One of the things I like best about FITS is its relatively simply interface. It would easy to incorporate it into other tools. In addition, I really like the fact that the Harvard developers are providing a clear roadmap for tool development, and have designed an extensible framework, so that additional tools can be added. All in all, FITS is a very useful tool, and I like the fact that it provides some metadata for each file it encounters, so you can run it against any set of files, not just those of a particular type, and expect to get some good preservation metadata in response.

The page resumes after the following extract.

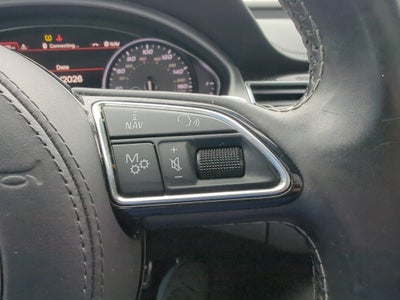 2014 Audi S8 4.0T quattro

There are a couple of downsides. First, information can be produced for single files at a time; there is currently no automated way to run it against an entire folder. However, it would be fairly straightforward to automate its usage using something as simple at NoteTab or to write a simple GUI interface for it using the programming language of your choice. More likely, developers will integrate it into other workflows for processing and storing archival information. For example, the Archival Information Packet that Archivematica produces includes a FITS file record for each file included in the packet. Another potential downside to using FITS is that it will require a lot of maintenance to ensure that the latest version of each tool is being used. While Harvard is releasing updates fairly often, I noticed for instance, that the DROID signature file used by FITS is version 13 (the latest one is 32).
If someone were to write a GUI for it, it would be easy to see incorporating it into a processing workflow, but in the meantime it will remain a nice tool for geeks like me to experiment with, or for developers in much more ambitious projects, to incorporate into their own designs.
[updated April 22, 2010]:
FITS: ‘Score’ for a Small Archives
- Installation/confuguration/supported platforms: 20/20
- Functionality/Reliability: 10/20. Would be higher but no batch processor
- Usability: 4/10. No GUI but command line easy to use.
- Scalability: 10/10. It works very quickly and would likely scale well with ability to run in batch mode
- Documentation: 9/10 excellent, concise user and developer documentation
- Interoperability/Metadata support: 9/10- the information it outputs is essential preservation description information for many common file types.
- Flexibilty/Customizability: 5/10
- License/Support/Sustainability/Community: 4/10